◆ **Scraped caption text data**:
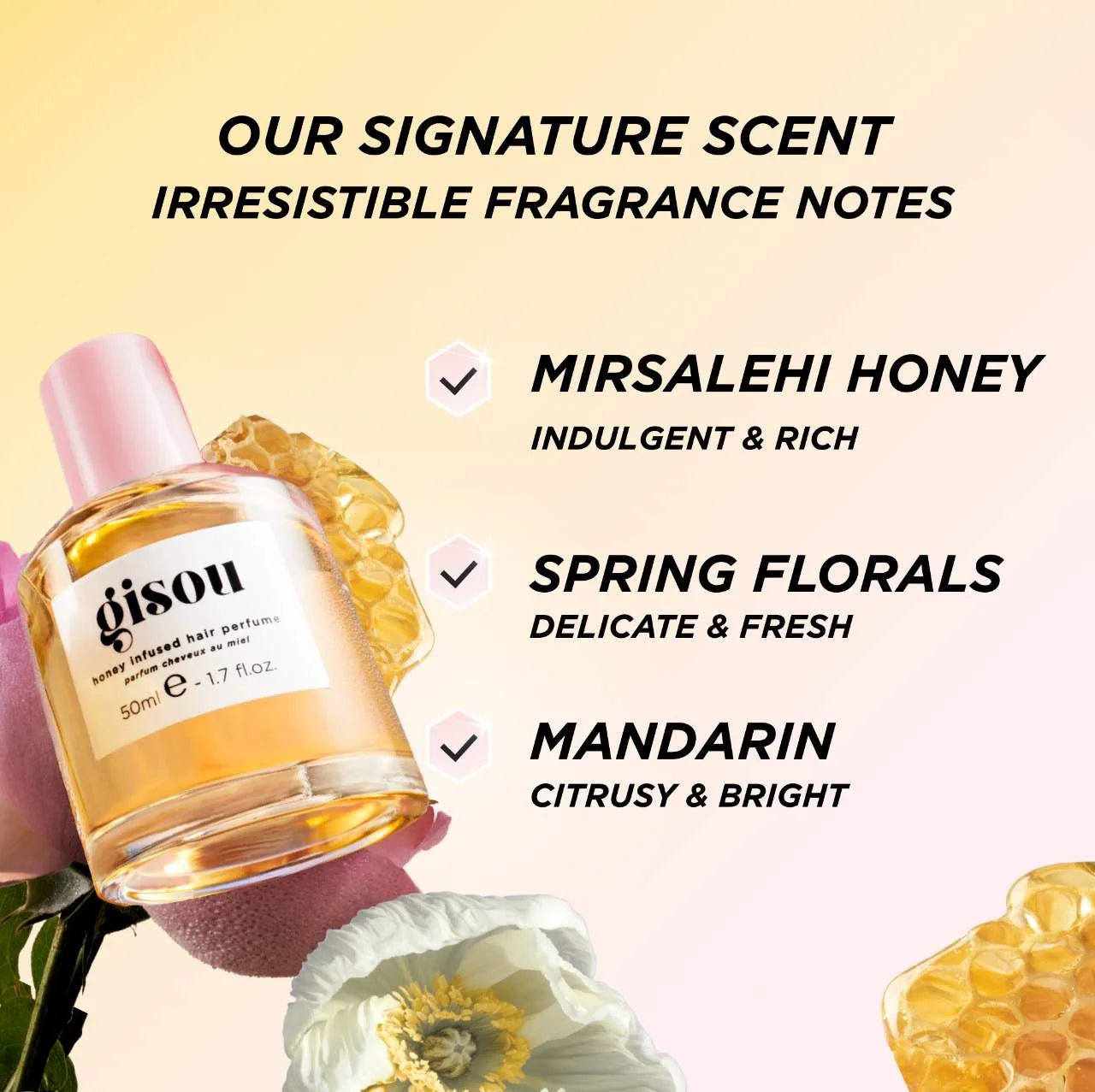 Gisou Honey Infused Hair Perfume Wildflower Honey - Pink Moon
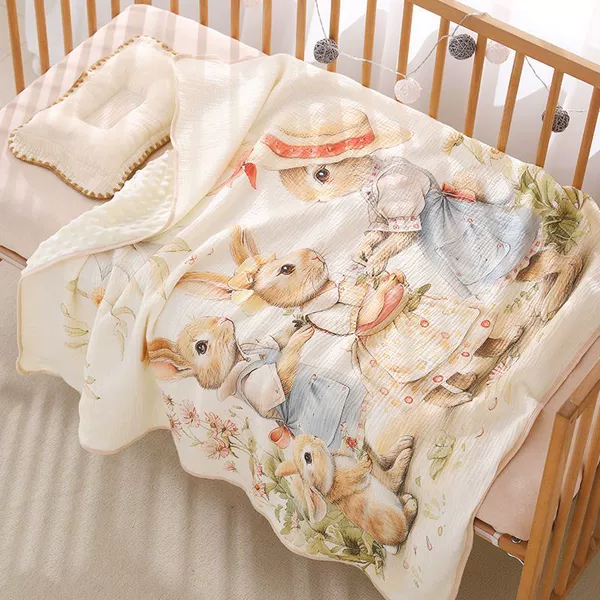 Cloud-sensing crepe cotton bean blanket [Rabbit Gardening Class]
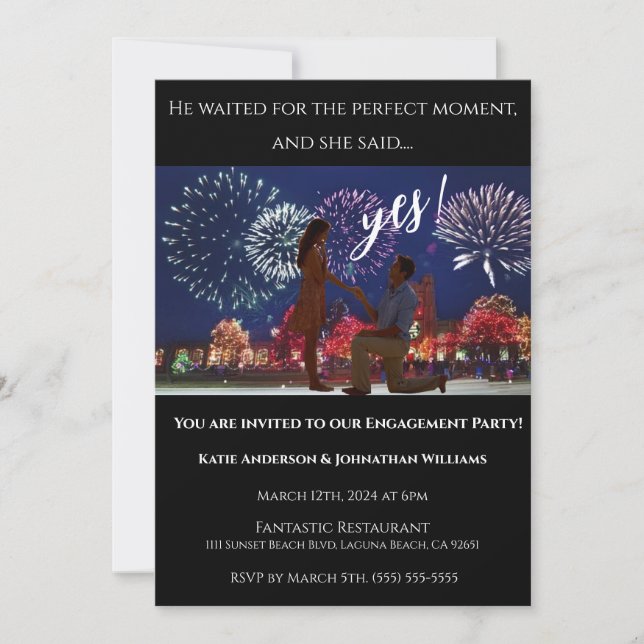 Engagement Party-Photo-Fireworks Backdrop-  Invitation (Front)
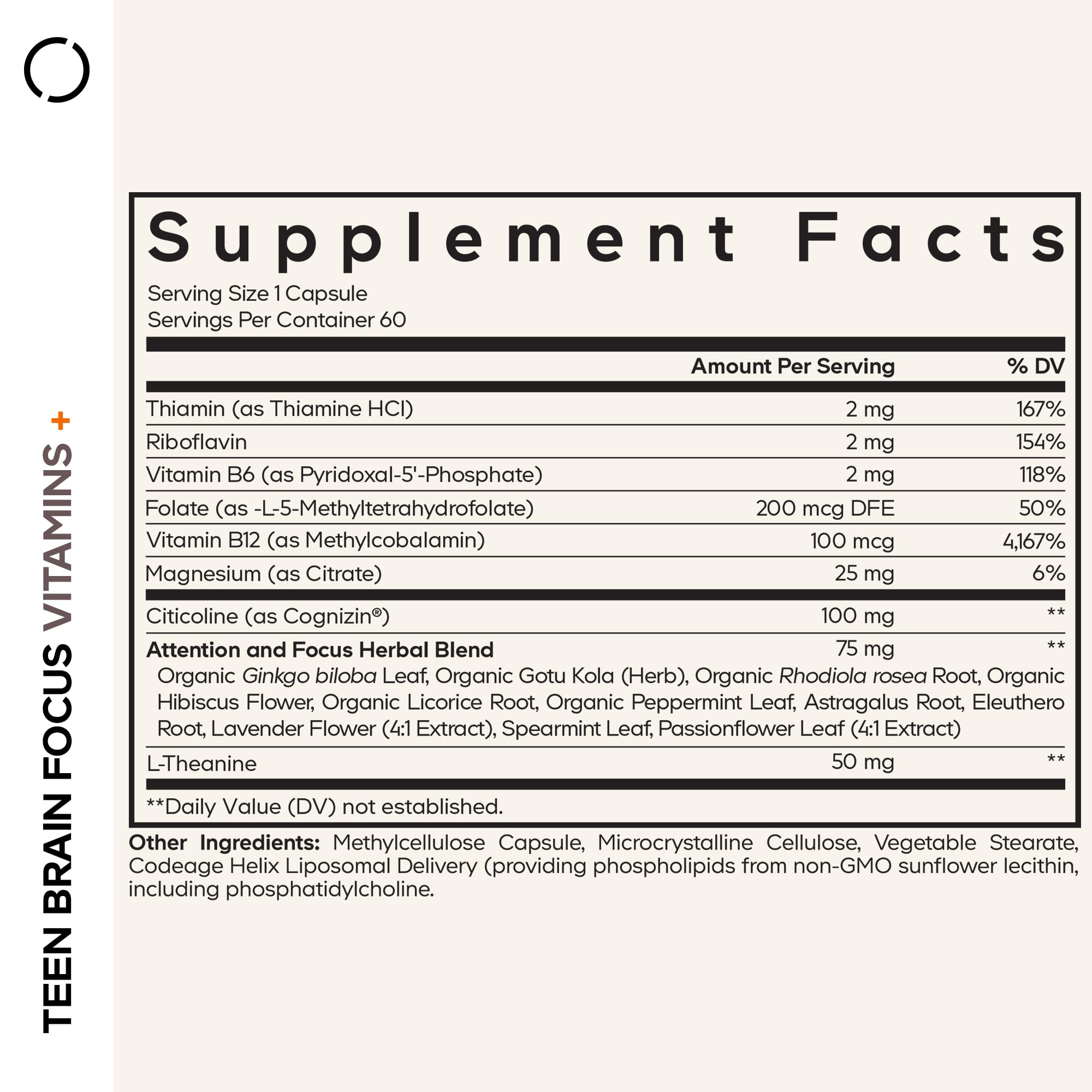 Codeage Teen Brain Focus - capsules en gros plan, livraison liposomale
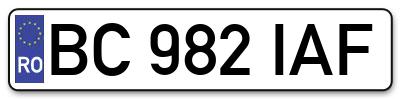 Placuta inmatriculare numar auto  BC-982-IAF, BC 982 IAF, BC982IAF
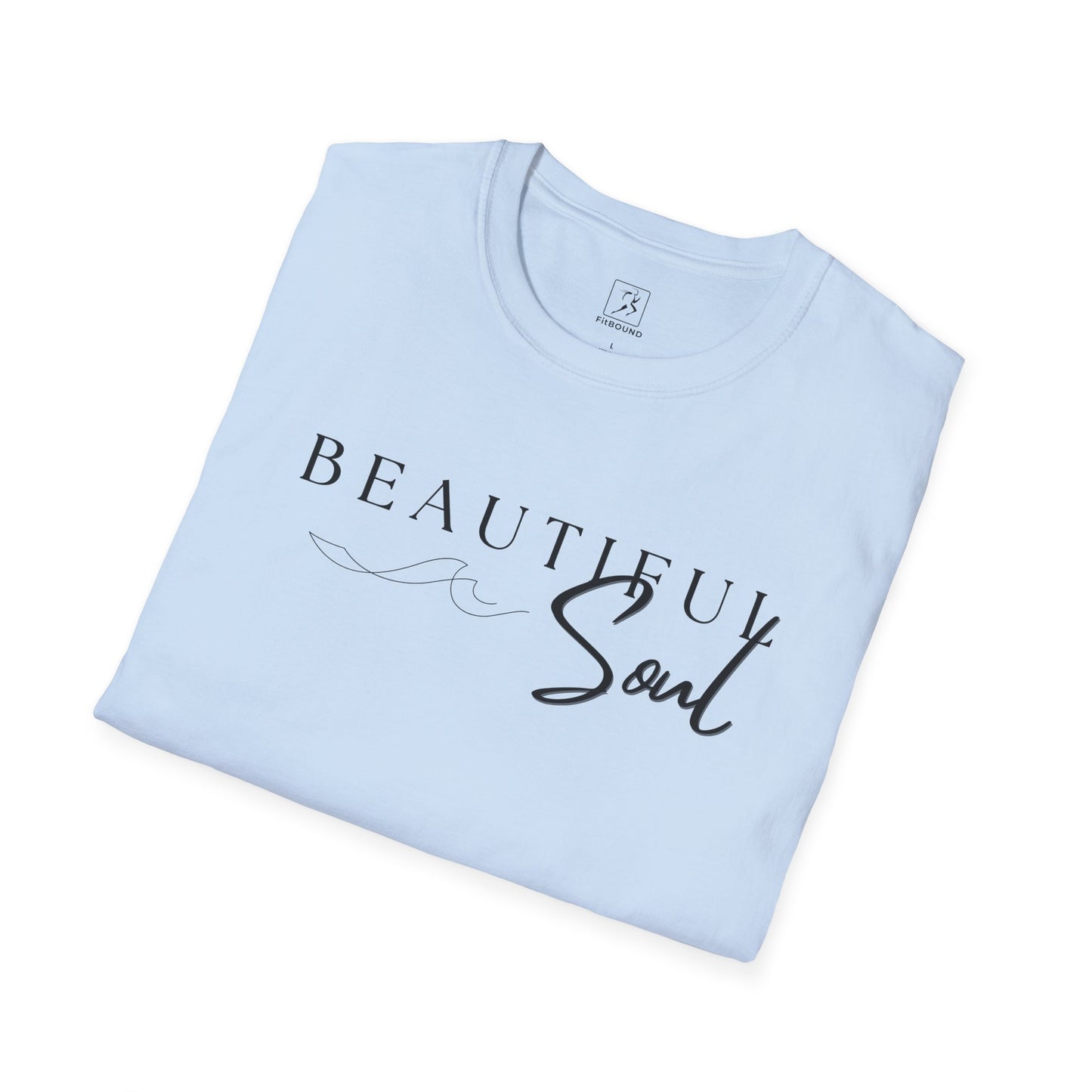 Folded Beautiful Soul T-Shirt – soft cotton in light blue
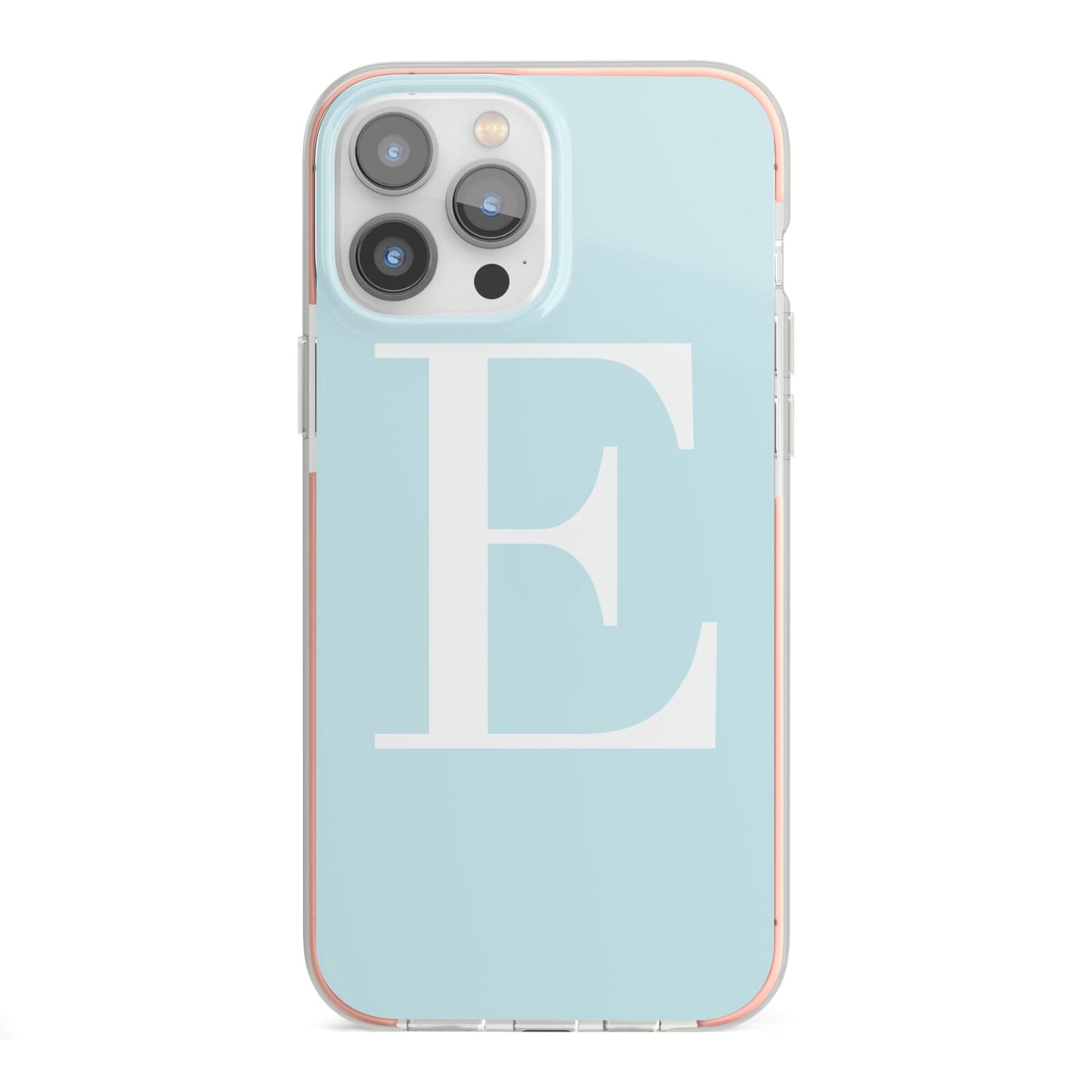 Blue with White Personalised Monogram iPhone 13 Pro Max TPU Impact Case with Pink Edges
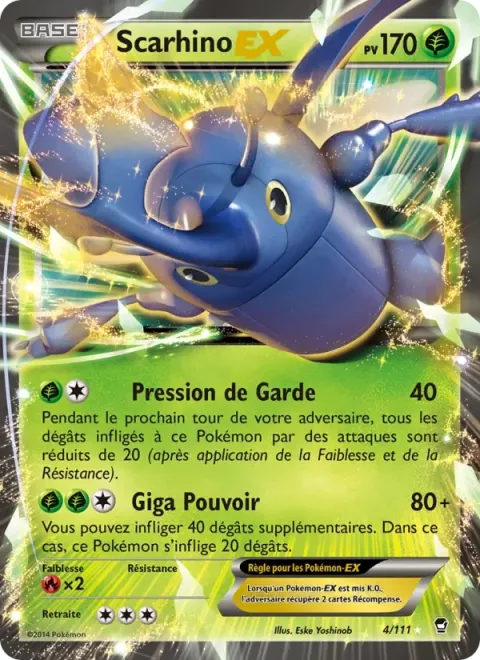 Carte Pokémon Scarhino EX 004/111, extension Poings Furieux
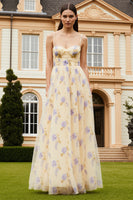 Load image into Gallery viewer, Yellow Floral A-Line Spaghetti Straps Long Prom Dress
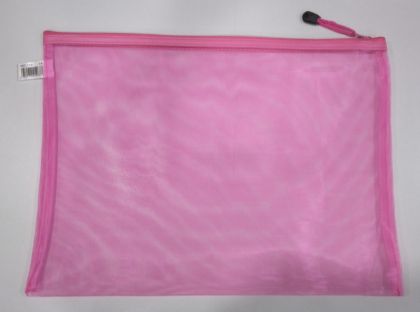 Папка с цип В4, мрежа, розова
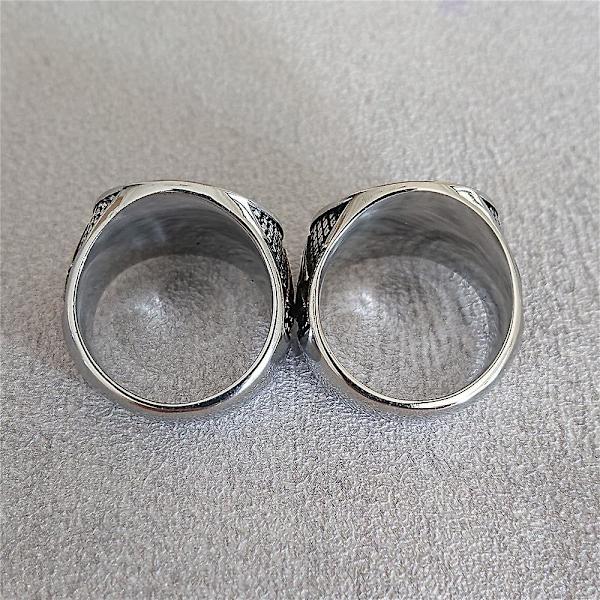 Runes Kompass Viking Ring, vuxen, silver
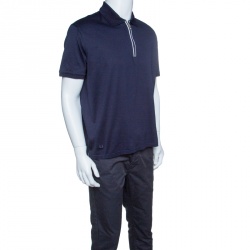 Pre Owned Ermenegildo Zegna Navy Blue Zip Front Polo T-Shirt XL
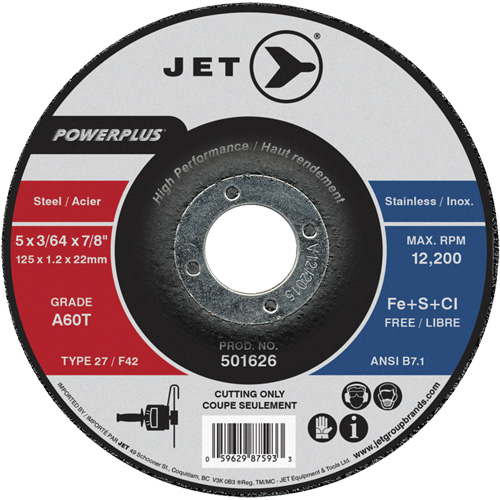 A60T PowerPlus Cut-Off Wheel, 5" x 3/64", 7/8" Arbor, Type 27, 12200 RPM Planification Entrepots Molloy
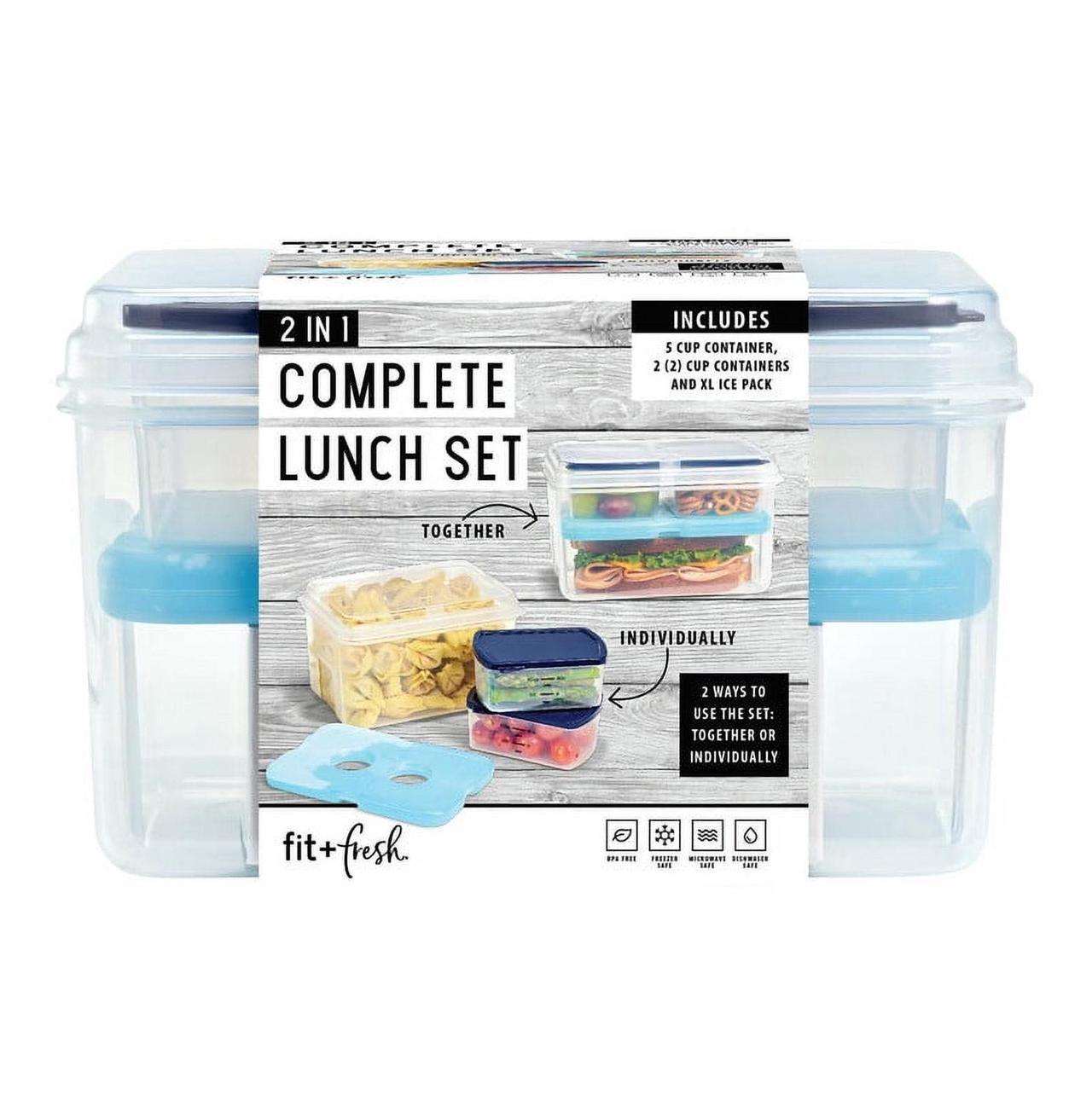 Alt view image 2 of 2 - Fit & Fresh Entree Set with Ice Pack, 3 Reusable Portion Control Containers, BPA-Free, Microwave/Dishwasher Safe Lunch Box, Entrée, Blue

◆ **WORK TO COMPLETE**: Word for word and without pictures, please write out only the lines from the start of the entries through the line containing "Blue with White", both included.

◆ **OUTPUT OF THE EXERCISE**:
 Gisou Honey Infused Hair Perfume Wildflower Honey - Pink Moon
 Cloud-sensing crepe cotton bean blanket [Rabbit Gardening Class]
 Engagement Party-Photo-Fireworks Backdrop-  Invitation (Front)
 Codeage Teen Brain Focus - capsules en gros plan, livraison liposomale
 Placuta inmatriculare numar auto  BC-982-IAF, BC 982 IAF, BC982IAF
 Folded Beautiful Soul T-Shirt – soft cotton in light blue
 Blue with White Personalised Monogram iPhone 13 Pro Max TPU Impact Case with Pink Edges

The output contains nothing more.